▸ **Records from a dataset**
□ □ □

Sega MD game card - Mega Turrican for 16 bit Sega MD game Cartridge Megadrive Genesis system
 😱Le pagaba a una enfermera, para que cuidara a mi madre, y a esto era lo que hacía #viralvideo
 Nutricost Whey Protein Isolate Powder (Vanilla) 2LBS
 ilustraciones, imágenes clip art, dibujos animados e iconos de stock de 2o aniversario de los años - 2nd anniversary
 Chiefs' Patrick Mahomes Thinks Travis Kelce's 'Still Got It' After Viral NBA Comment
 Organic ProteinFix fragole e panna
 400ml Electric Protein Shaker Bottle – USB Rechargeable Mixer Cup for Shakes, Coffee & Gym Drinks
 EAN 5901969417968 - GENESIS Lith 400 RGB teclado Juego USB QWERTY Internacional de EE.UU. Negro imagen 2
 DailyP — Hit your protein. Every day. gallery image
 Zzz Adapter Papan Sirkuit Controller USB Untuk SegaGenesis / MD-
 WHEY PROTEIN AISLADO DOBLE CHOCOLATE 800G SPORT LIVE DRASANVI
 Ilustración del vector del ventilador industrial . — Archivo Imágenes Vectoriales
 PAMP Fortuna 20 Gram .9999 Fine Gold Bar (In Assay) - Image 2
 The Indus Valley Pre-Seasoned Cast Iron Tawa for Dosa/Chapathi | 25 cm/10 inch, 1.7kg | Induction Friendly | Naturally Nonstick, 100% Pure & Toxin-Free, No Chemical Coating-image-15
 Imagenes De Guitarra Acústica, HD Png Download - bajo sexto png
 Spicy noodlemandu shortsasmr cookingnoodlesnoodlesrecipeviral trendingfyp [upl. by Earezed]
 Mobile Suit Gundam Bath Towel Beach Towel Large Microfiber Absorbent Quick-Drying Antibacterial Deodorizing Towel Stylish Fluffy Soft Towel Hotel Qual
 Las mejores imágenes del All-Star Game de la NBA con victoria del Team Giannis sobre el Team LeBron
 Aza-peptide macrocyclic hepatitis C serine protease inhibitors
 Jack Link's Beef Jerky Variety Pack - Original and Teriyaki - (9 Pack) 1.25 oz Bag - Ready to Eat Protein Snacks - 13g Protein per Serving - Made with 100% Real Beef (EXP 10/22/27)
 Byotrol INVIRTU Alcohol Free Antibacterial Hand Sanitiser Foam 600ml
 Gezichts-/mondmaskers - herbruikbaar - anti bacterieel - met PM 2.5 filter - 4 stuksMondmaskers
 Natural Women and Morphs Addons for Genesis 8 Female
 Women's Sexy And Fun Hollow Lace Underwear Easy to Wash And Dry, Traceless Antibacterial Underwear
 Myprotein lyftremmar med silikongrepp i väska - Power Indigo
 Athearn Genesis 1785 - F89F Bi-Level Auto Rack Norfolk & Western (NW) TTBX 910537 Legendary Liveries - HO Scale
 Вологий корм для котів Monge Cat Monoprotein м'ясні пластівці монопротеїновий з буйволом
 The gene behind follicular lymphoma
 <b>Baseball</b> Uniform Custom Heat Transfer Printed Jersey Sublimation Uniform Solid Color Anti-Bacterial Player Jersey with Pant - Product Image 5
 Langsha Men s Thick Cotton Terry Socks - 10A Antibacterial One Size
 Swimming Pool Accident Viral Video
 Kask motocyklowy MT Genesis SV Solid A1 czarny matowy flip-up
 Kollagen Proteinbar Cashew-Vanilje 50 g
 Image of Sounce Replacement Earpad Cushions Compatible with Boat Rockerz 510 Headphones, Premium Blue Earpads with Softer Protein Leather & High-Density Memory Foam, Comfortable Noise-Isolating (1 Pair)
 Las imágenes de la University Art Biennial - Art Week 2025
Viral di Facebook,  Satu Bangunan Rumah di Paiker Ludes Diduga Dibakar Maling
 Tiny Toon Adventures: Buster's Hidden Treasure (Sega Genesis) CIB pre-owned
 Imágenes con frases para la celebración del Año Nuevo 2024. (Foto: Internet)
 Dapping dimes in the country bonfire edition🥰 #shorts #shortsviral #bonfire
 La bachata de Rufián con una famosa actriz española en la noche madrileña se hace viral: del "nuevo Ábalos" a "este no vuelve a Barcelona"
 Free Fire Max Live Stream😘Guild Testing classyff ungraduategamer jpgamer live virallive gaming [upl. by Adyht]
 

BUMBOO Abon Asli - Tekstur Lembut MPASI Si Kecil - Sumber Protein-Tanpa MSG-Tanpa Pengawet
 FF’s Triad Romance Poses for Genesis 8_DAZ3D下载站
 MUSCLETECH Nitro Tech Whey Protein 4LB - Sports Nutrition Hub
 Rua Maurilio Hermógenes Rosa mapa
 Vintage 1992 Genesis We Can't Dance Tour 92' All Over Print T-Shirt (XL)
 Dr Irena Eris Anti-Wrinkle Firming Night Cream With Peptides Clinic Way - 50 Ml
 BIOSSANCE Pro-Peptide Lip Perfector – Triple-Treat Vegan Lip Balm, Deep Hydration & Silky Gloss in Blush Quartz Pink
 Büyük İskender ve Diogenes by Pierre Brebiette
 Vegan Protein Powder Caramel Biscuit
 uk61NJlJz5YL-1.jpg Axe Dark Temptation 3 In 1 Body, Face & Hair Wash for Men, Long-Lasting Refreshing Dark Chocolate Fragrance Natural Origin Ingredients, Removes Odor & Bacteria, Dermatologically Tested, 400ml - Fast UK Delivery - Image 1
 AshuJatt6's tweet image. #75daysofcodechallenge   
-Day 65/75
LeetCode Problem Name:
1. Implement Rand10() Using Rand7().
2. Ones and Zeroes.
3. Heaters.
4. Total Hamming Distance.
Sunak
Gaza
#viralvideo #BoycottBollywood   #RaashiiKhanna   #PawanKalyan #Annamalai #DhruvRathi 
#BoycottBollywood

□ □ □

▸ **Your goal**
Copy out all of the records above with nothing altered.

▸ **Task answer**
Sega MD game card - Mega Turrican for 16 bit Sega MD game Cartridge Megadrive Genesis system
 😱Le pagaba a una enfermera, para que cuidara a mi madre, y a esto era lo que hacía #viralvideo
 Nutricost Whey Protein Isolate Powder (Vanilla) 2LBS
 ilustraciones, imágenes clip art, dibujos animados e iconos de stock de 2o aniversario de los años - 2nd anniversary
 Chiefs' Patrick Mahomes Thinks Travis Kelce's 'Still Got It' After Viral NBA Comment
 Organic ProteinFix fragole e panna
 400ml Electric Protein Shaker Bottle – USB Rechargeable Mixer Cup for Shakes, Coffee & Gym Drinks
 EAN 5901969417968 - GENESIS Lith 400 RGB teclado Juego USB QWERTY Internacional de EE.UU. Negro imagen 2
 DailyP — Hit your protein. Every day. gallery image
 Zzz Adapter Papan Sirkuit Controller USB Untuk SegaGenesis / MD-
 WHEY PROTEIN AISLADO DOBLE CHOCOLATE 800G SPORT LIVE DRASANVI
 Ilustración del vector del ventilador industrial . — Archivo Imágenes Vectoriales
 PAMP Fortuna 20 Gram .9999 Fine Gold Bar (In Assay) - Image 2
 The Indus Valley Pre-Seasoned Cast Iron Tawa for Dosa/Chapathi | 25 cm/10 inch, 1.7kg | Induction Friendly | Naturally Nonstick, 100% Pure & Toxin-Free, No Chemical Coating-image-15
 Imagenes De Guitarra Acústica, HD Png Download - bajo sexto png
 Spicy noodlemandu shortsasmr cookingnoodlesnoodlesrecipeviral trendingfyp [upl. by Earezed]
 Mobile Suit Gundam Bath Towel Beach Towel Large Microfiber Absorbent Quick-Drying Antibacterial Deodorizing Towel Stylish Fluffy Soft Towel Hotel Qual
 Las mejores imágenes del All-Star Game de la NBA con victoria del Team Giannis sobre el Team LeBron
 Aza-peptide macrocyclic hepatitis C serine protease inhibitors
 Jack Link's Beef Jerky Variety Pack - Original and Teriyaki - (9 Pack) 1.25 oz Bag - Ready to Eat Protein Snacks - 13g Protein per Serving - Made with 100% Real Beef (EXP 10/22/27)
 Byotrol INVIRTU Alcohol Free Antibacterial Hand Sanitiser Foam 600ml
 Gezichts-/mondmaskers - herbruikbaar - anti bacterieel - met PM 2.5 filter - 4 stuksMondmaskers
 Natural Women and Morphs Addons for Genesis 8 Female
 Women's Sexy And Fun Hollow Lace Underwear Easy to Wash And Dry, Traceless Antibacterial Underwear
 Myprotein lyftremmar med silikongrepp i väska - Power Indigo
 Athearn Genesis 1785 - F89F Bi-Level Auto Rack Norfolk & Western (NW) TTBX 910537 Legendary Liveries - HO Scale
 Вологий корм для котів Monge Cat Monoprotein м'ясні пластівці монопротеїновий з буйволом
 The gene behind follicular lymphoma
 <b>Baseball</b> Uniform Custom Heat Transfer Printed Jersey Sublimation Uniform Solid Color Anti-Bacterial Player Jersey with Pant - Product Image 5
 Langsha Men s Thick Cotton Terry Socks - 10A Antibacterial One Size
 Swimming Pool Accident Viral Video
 Kask motocyklowy MT Genesis SV Solid A1 czarny matowy flip-up
 Kollagen Proteinbar Cashew-Vanilje 50 g
 Image of Sounce Replacement Earpad Cushions Compatible with Boat Rockerz 510 Headphones, Premium Blue Earpads with Softer Protein Leather & High-Density Memory Foam, Comfortable Noise-Isolating (1 Pair)
 Las imágenes de la University Art Biennial - Art Week 2025
Viral di Facebook,  Satu Bangunan Rumah di Paiker Ludes Diduga Dibakar Maling
 Tiny Toon Adventures: Buster's Hidden Treasure (Sega Genesis) CIB pre-owned
 Imágenes con frases para la celebración del Año Nuevo 2024. (Foto: Internet)
 Dapping dimes in the country bonfire edition🥰 #shorts #shortsviral #bonfire
 La bachata de Rufián con una famosa actriz española en la noche madrileña se hace viral: del "nuevo Ábalos" a "este no vuelve a Barcelona"
 Free Fire Max Live Stream😘Guild Testing classyff ungraduategamer jpgamer live virallive gaming [upl. by Adyht]
 

BUMBOO Abon Asli - Tekstur Lembut MPASI Si Kecil - Sumber Protein-Tanpa MSG-Tanpa Pengawet
 FF’s Triad Romance Poses for Genesis 8_DAZ3D下载站
 MUSCLETECH Nitro Tech Whey Protein 4LB - Sports Nutrition Hub
 Rua Maurilio Hermógenes Rosa mapa
 Vintage 1992 Genesis We Can't Dance Tour 92' All Over Print T-Shirt (XL)
 Dr Irena Eris Anti-Wrinkle Firming Night Cream With Peptides Clinic Way - 50 Ml
 BIOSSANCE Pro-Peptide Lip Perfector – Triple-Treat Vegan Lip Balm, Deep Hydration & Silky Gloss in Blush Quartz Pink
 Büyük İskender ve Diogenes by Pierre Brebiette
 Vegan Protein Powder Caramel Biscuit
 uk61NJlJz5YL-1.jpg Axe Dark Temptation 3 In 1 Body, Face & Hair Wash for Men, Long-Lasting Refreshing Dark Chocolate Fragrance Natural Origin Ingredients, Removes Odor & Bacteria, Dermatologically Tested, 400ml - Fast UK Delivery - Image 1
 AshuJatt6's tweet image. #75daysofcodechallenge   
-Day 65/75
LeetCode Problem Name:
1. Implement Rand10() Using Rand7().
2. Ones and Zeroes.
3. Heaters.
4. Total Hamming Distance.
Sunak
Gaza
#viralvideo #BoycottBollywood   #RaashiiKhanna   #PawanKalyan #Annamalai #DhruvRathi 
#BoycottBollywood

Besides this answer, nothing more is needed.